MP ajuíza Ação Civil Pública para reativar Portal da Transparência no município
O
Ministério Público em Marabá, através dos promotores de justiça Júlio
César Sousa Costa e Mayanna Silva de Souza Queiroz, deu entrada em ação
civil pública com pedido de obrigação de fazer contra o Município -
Prefeitura de Marabá e o prefeito municipal João Salame Neto, para
obrigá-los a restabelecer o chamado sítio eletrônico “Portal da
Transparência” que desde o início do atual governo municipal encontra-se
paralisado.
A
desativação do sítio foi constatada em (24) de fevereiro, quando o
Grupo Técnico do Ministério Público do Estado tentou acessá-lo e
verificou que a referida página eletrônica estava desativada, situação
que foi comunicada à 11ª Promotoria de Justiça de Marabá com atribuição
na defesa da probidade administrativa.
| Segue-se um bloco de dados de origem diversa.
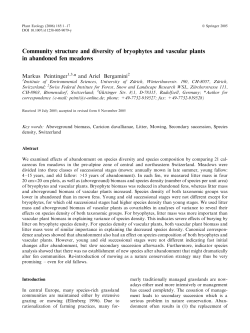 Community structure and diversity of bryophytes and vascular plants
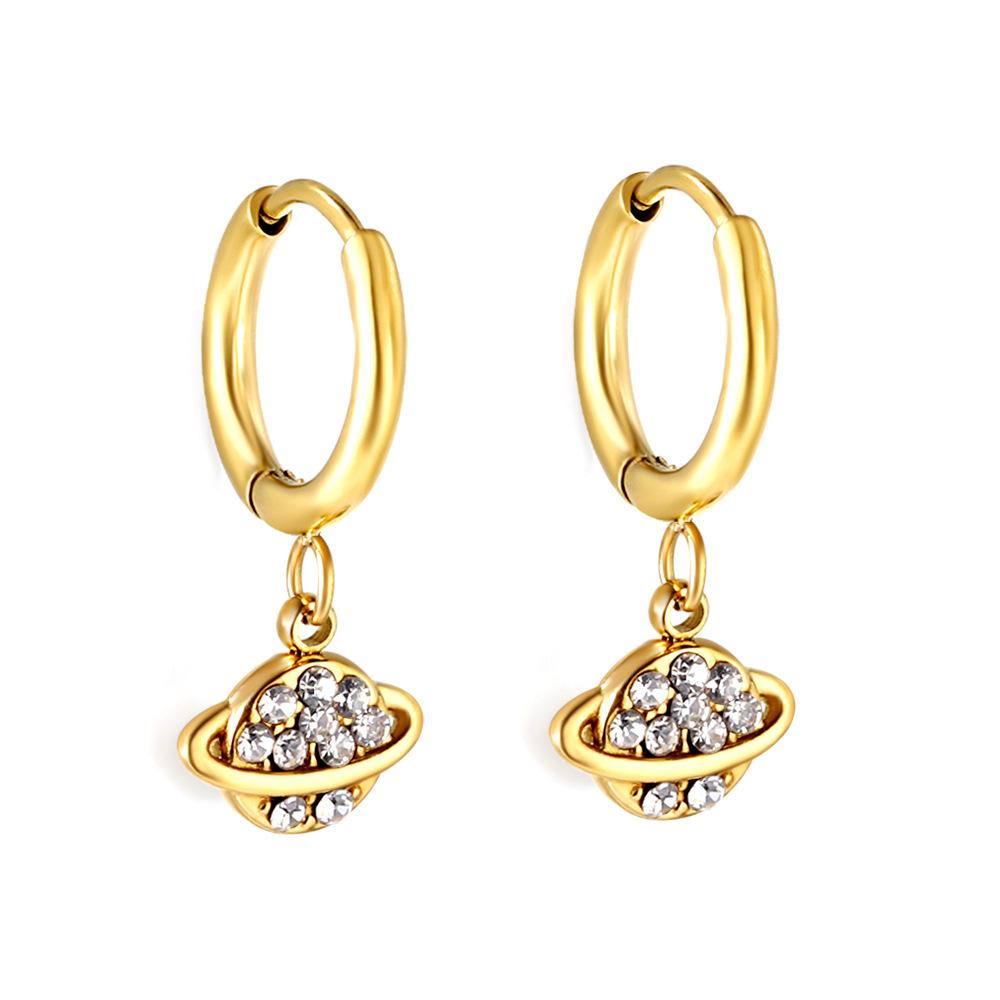 Spiral Planet Earrings Design Mushroom U-Shaped Fishtail with White Diamond Ear Buckle Stainless Steel Earrings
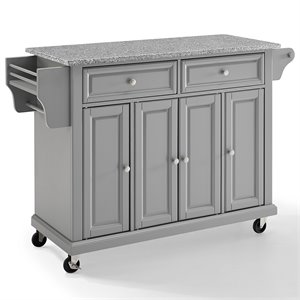Crosley Furniture Wood Granite Top Kitchen Cart in Gray/Chrome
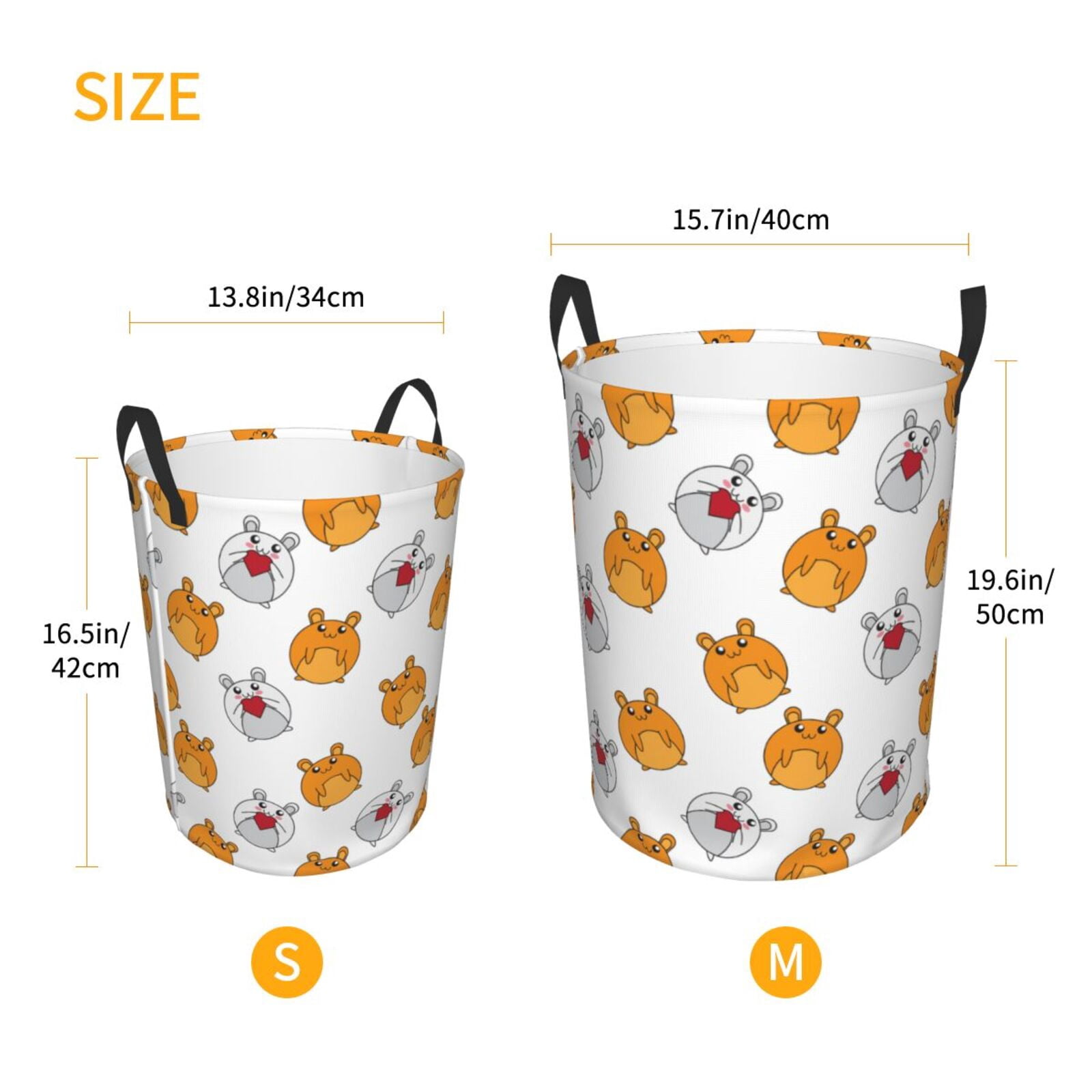 Large Laundry Basket with Handles - Q Version Of Cute Hamster Love Kids Baby Dirty Clothes Laundry Hamper for Bedroom Aesthetic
Na ocasião a promotoria expediu
recomendação administrativa ao prefeito municipal para que, em cinco
dias, restabelecesse o Portal da Transparência, instaurando procedimento
administrativo para acompanhar a situação.
Após
diversas tentativas junto à Prefeitura Municipal e ao prefeito
municipal, que alegaram problemas de ordem tecnológica na demora de
implantação do serviço público de acesso às informações oficiais, a
situação continuou sem solução, sendo necessário recorrer-se à esfera
judicial a fim de compelir o município à cumprir a determinação dos
artigos 48 e 48-A da Lei de Responsabilidade Fiscal, que determinam como
instrumentos de transparência na gestão fiscal a publicação em tempo
real e em meios eletrônicos de acesso público os orçamentos, as
prestações de contas, os gastos e despesas dos órgãos públicos.
Na
ação os promotores de justiça ainda requereram que de forma específica o
portal da transparência da prefeitura publique ainda a folha de
pagamento dos servidores municipais, indicando cargos e
secretarias/órgãos em que estão lotados, a remuneração bruta incluindo
temporários e comissionados e também publique os pagamentos de
fornecedores de bens, obras e serviços com a inclusão do número do
processo licitatório, valor do pagamento e etc.
O
prefeito municipal João Salame Neto também foi incluído na ação em
virtude do artigo 73 da Lei de Responsabilidade Fiscal que prevê que a
omissão em publicar os documentos exigidos, pode, em tese, caracterizar
ato de improbidade administrativa.
A
ação foi distribuída à juíza Maria Aldecy de Souza Pissolati, titular
da 3ª Vara Cível de Marabá que deverá nos próximos dias se manifestar
sobre pedido de tutela antecipada para que a prefeitura seja obrigada a
publicar todos os informações necessárias desde o dia 01 de janeiro de
2013.
Na
ação os promotores de justiça defendem a obrigatoriedade da imediata
publicação dos dados financeiros e fiscais do município como cumprimento
do princípio constitucional da publicidade (transparência pública),
regulamentado através da Lei de Responsabilidade Fiscal e da Lei da
Transparência Pública, e avaliam que o Supremo Tribunal Federal vem se
manifestando nesse sentido em várias decisões, quando mais recentemente
negou liminar ao pedido da Associação dos Juízes do Rio Grande do Sul
que tentava impedir a publicação nominal dos subsídios dos integrantes
da magistratura rio-grandense. O STF também em decisão administrativa
decidiu publicar os subsídios dos seus integrantes, assim como no Pedido
de Suspensão Liminar n. 689, cassou liminar que impedia a publicação
dos salários dos servidores federais.
A
11ª promotoria de justiça de Marabá, encarregada da defesa da probidade
administrativa entende que a transparência pública dos dados oficiais e
previstos na lei é necessária para permitir o controle da gestão
pública pelos interessados e, inclusive, para diminuir a incidência de
corrupção na esfera pública.
Após
esta ação deve a promotoria de justiça da Defesa e Probidade
Administrativa de Marabá iniciar procedimentos para verificar o
cumprimento da legislação de transparência pública pela Câmara Municipal
de Marabá e pelos órgãos públicos do município de Nova Ipixuna.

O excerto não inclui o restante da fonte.